#### Source records
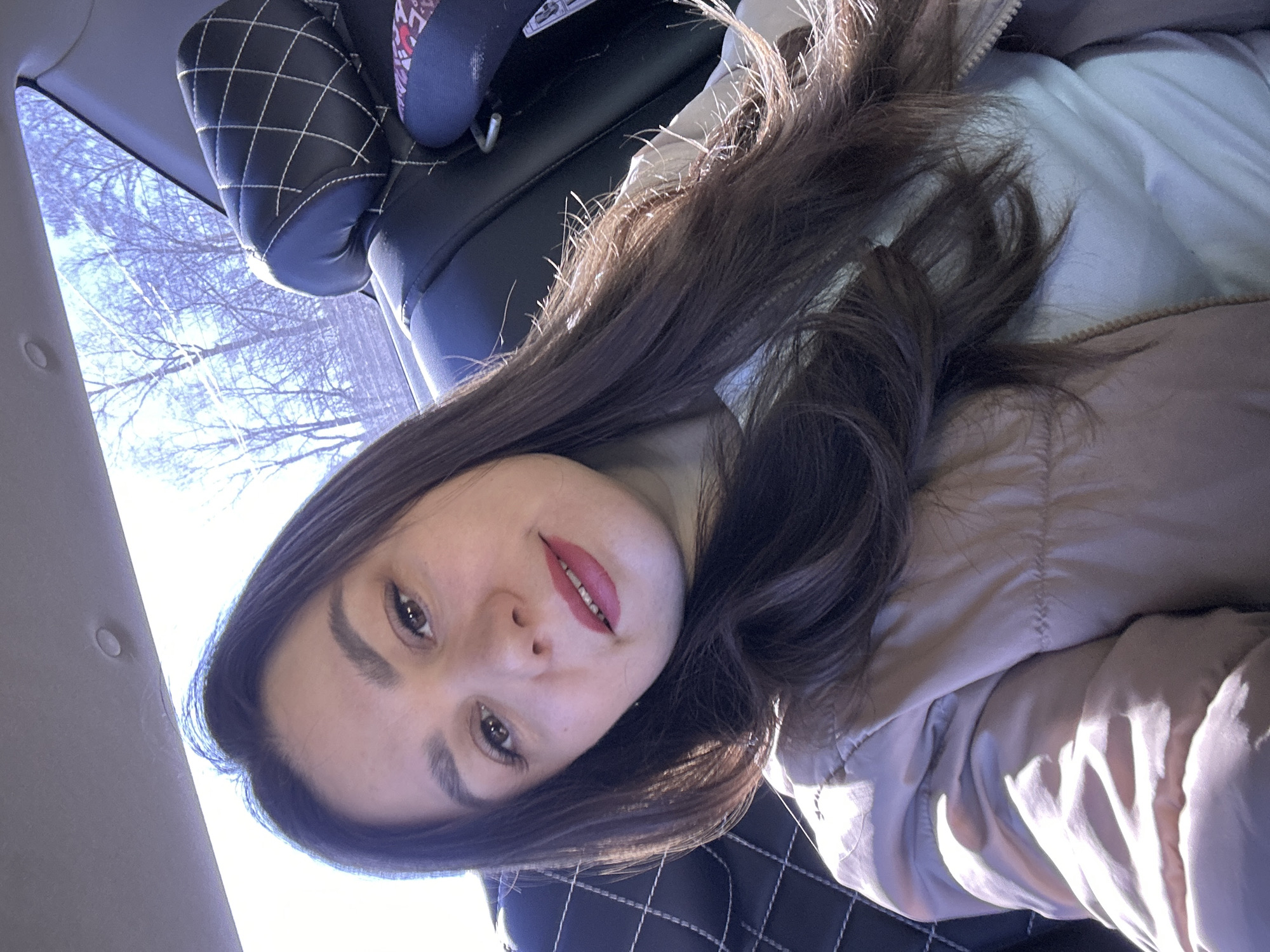 The image shows a woman inside a vehicle. She has dark hair and is wearing a light-colored jacket. The vehicle's interior includes black leather seats with a quilted pattern. The window shows trees outside. The location cannot be determined from the image.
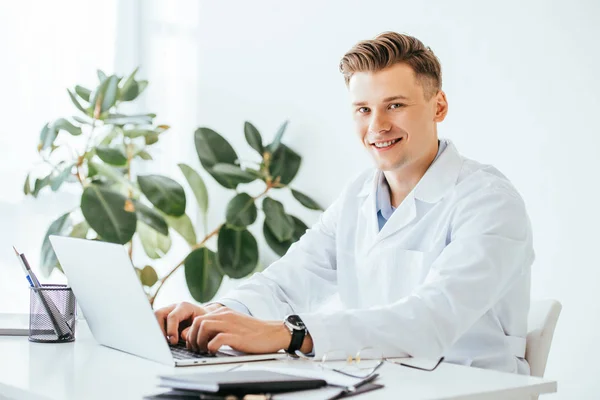 Zufriedener Arzt Schaut Die Kamera Während Laptop Der Klinik Benutzt — Stockfoto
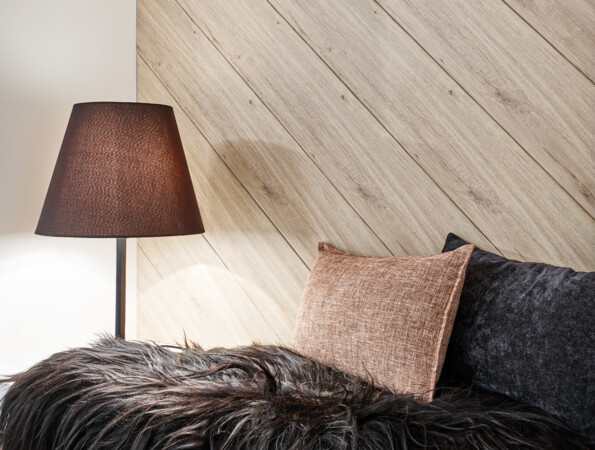 Gemütliche Ecke mit schwarzem Fellüberwurf, braunem und schwarzem Kissen auf Holzbank, daneben steht eine braune Lampe vor einem Wandpaneel der Serie 'decoration'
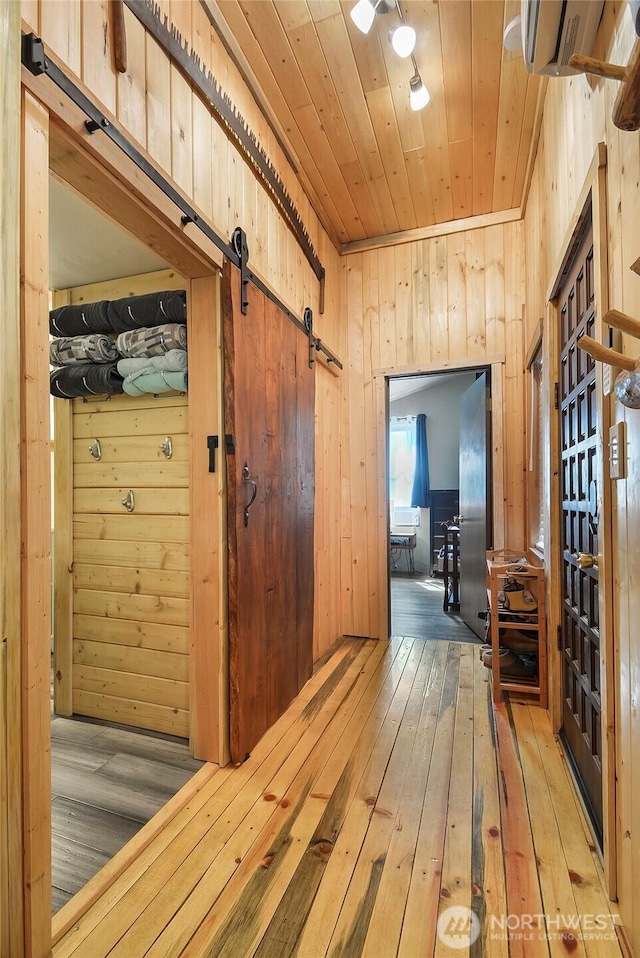 13990 Brae Burn Rd, Leavenworth, WA 98826 - hallway featuring a barn door, hardwood / wood-style flooring, wooden ceiling, and wooden walls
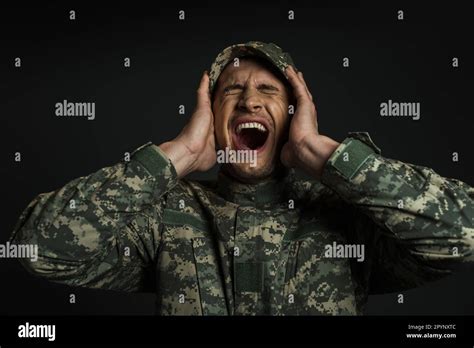 Stressed Soldier In Camouflage Uniform And Cap Screaming While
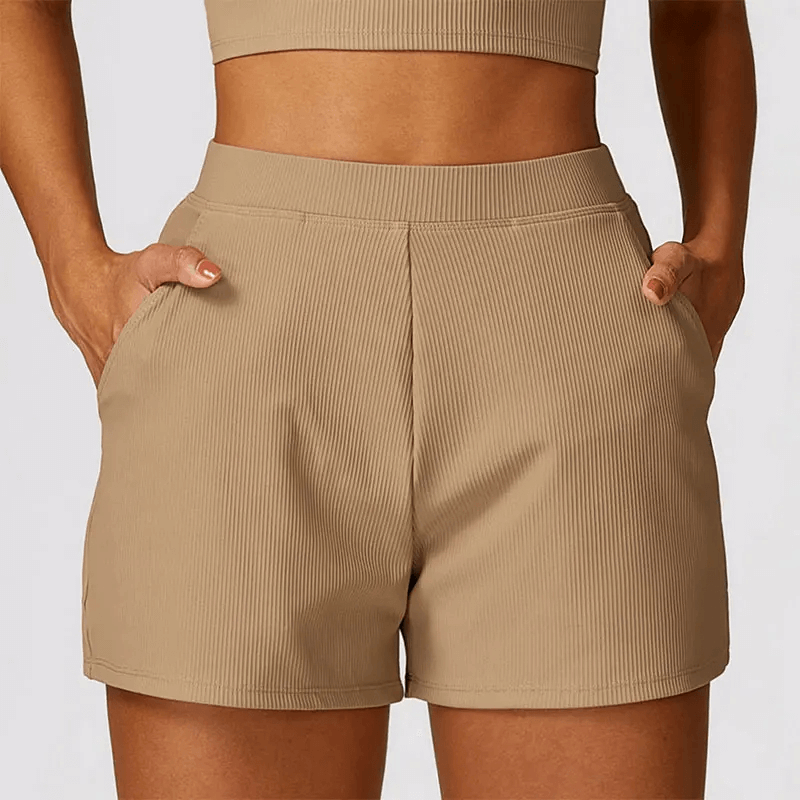 Tan ribbed high waist workout shorts for women with side pockets, perfect for yoga and gym sessions. Moisture-wicking fabric.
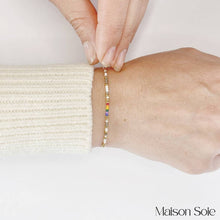 Load image into Gallery viewer, &#39;Love Wins&#39; LGBTQ Pride Morse Code Rainbow Bead Bracelet being worn
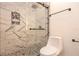 Modern bathroom with marble-look walls, glass shower, and pebble floor at 2932 Carriage Dr, Daytona Beach, FL 32119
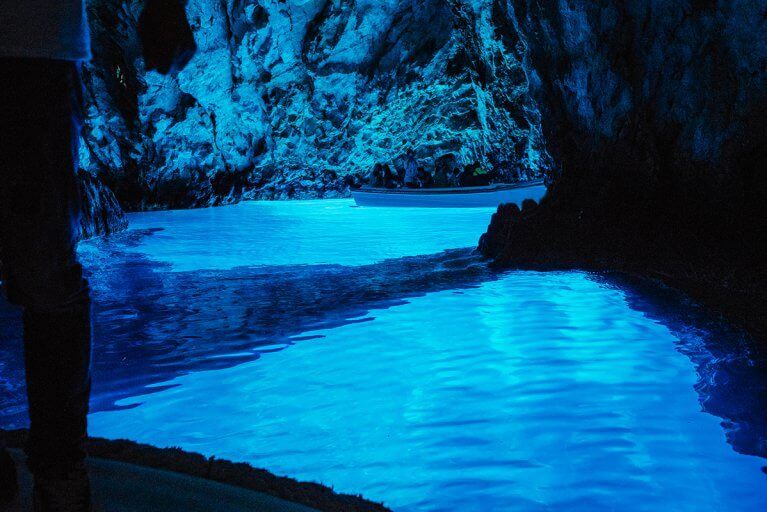 Interior of Blue Cave on Biševo island glowing with blue light during luxury tour of Croatia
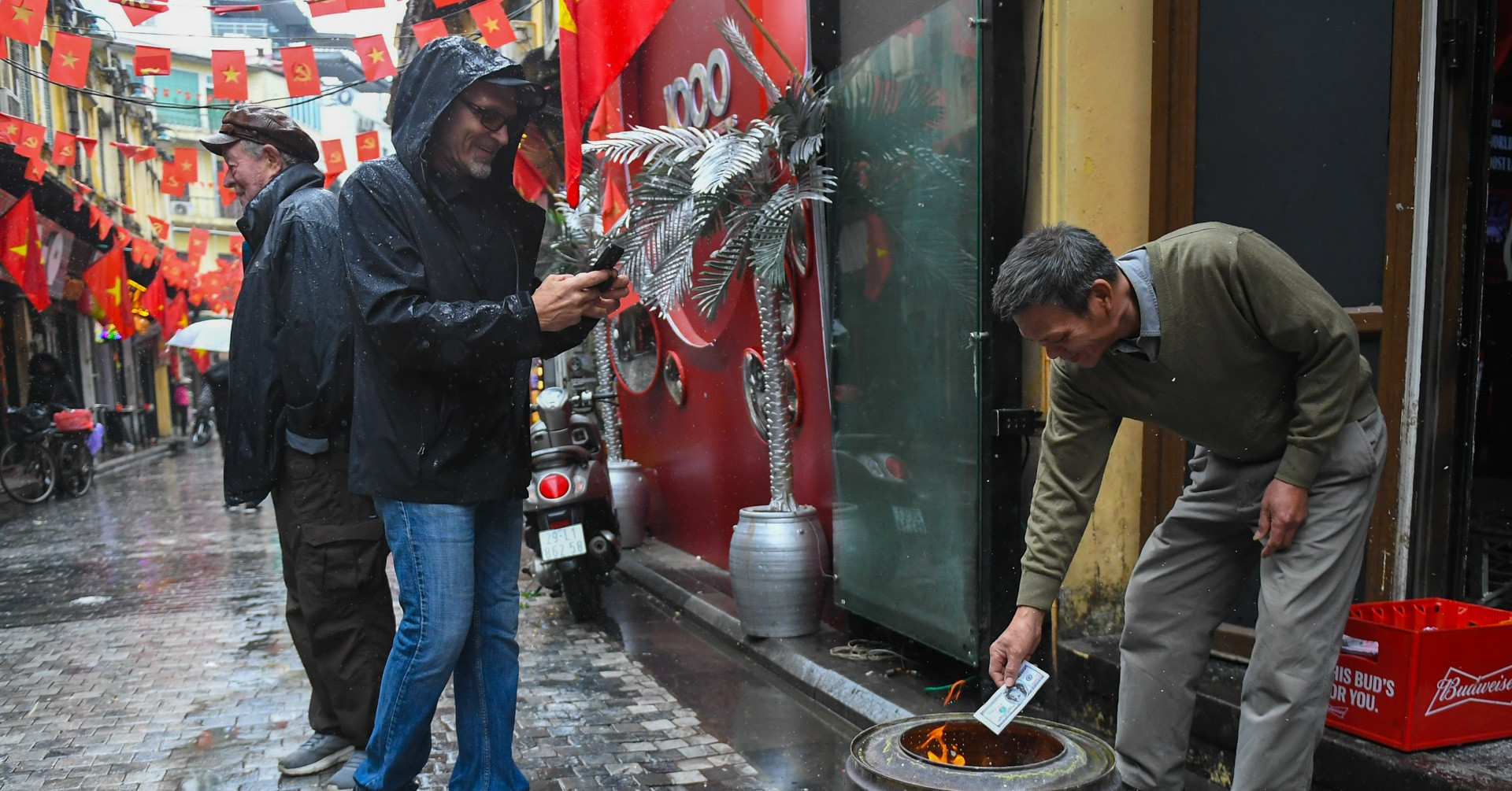 Hanoians burn offerings early for Kitchen Gods as tourists stop to watch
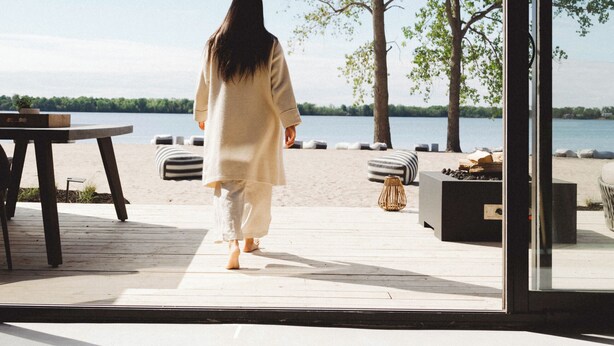 A person walking towards a beach from a room with a large window overlooking the water. - Wander the Resort (Prince Edward)
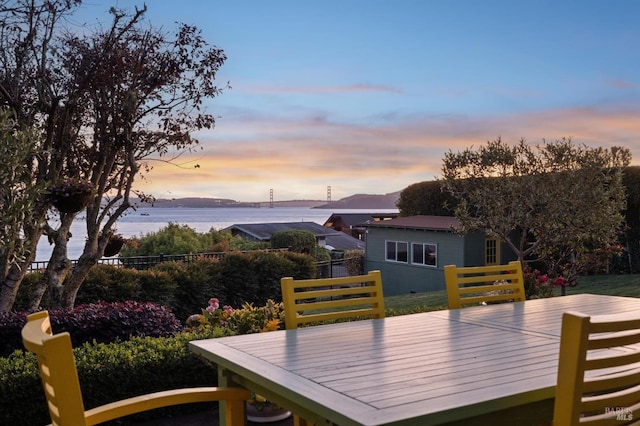 deck at dusk featuring a water view and fence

#### Your goal
In the entries above, every line from the line with "Modern bathroom with" to the line with "Hanoians burn offerings" is to be printed exactly, with both ends included and pictures excluded.

#### Exercise output
 Modern bathroom with marble-look walls, glass shower, and pebble floor at 2932 Carriage Dr, Daytona Beach, FL 32119
 Interior of Blue Cave on Biševo island glowing with blue light during luxury tour of Croatia
 Hanoians burn offerings early for Kitchen Gods as tourists stop to watch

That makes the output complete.